**EXERCISE REQUIREMENTS:** Only the lines below, from the one with "Utefuglautomat i metall-plastikk" through the one with "Eko Paket İstanbul", are to be written out, exactly.

**AVAILABLE DATA:**
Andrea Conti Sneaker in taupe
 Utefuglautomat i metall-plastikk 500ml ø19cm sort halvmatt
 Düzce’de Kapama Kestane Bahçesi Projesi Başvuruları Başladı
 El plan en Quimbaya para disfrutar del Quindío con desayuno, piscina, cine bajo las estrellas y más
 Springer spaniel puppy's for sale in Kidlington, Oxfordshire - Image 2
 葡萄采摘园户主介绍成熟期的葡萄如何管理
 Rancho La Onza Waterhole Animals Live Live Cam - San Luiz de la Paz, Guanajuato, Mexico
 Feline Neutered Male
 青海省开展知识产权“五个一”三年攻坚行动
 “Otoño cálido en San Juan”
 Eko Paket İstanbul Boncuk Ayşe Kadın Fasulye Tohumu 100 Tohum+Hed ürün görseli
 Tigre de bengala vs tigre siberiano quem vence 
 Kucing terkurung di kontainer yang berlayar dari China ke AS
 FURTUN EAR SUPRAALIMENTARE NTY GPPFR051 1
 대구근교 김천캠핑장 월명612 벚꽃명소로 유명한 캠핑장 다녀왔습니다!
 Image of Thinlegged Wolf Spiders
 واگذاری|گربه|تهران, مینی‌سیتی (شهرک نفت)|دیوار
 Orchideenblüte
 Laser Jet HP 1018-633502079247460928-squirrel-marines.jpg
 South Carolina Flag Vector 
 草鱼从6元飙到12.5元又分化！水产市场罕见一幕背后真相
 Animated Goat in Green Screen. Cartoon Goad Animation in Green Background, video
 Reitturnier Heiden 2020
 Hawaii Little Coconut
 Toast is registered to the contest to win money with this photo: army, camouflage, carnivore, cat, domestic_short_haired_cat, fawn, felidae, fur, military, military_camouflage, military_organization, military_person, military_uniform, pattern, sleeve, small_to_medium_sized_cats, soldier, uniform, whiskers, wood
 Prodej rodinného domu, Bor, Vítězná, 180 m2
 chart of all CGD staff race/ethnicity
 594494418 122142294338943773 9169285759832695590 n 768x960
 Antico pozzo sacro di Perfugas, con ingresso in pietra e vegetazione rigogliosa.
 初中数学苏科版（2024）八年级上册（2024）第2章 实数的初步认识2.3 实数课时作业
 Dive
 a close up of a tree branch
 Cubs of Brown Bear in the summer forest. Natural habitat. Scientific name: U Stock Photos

**SOLUTION FOR THIS EXERCISE:**
 Utefuglautomat i metall-plastikk 500ml ø19cm sort halvmatt
 Düzce’de Kapama Kestane Bahçesi Projesi Başvuruları Başladı
 El plan en Quimbaya para disfrutar del Quindío con desayuno, piscina, cine bajo las estrellas y más
 Springer spaniel puppy's for sale in Kidlington, Oxfordshire - Image 2
 葡萄采摘园户主介绍成熟期的葡萄如何管理
 Rancho La Onza Waterhole Animals Live Live Cam - San Luiz de la Paz, Guanajuato, Mexico
 Feline Neutered Male
 青海省开展知识产权“五个一”三年攻坚行动
 “Otoño cálido en San Juan”
 Eko Paket İstanbul Boncuk Ayşe Kadın Fasulye Tohumu 100 Tohum+Hed ürün görseli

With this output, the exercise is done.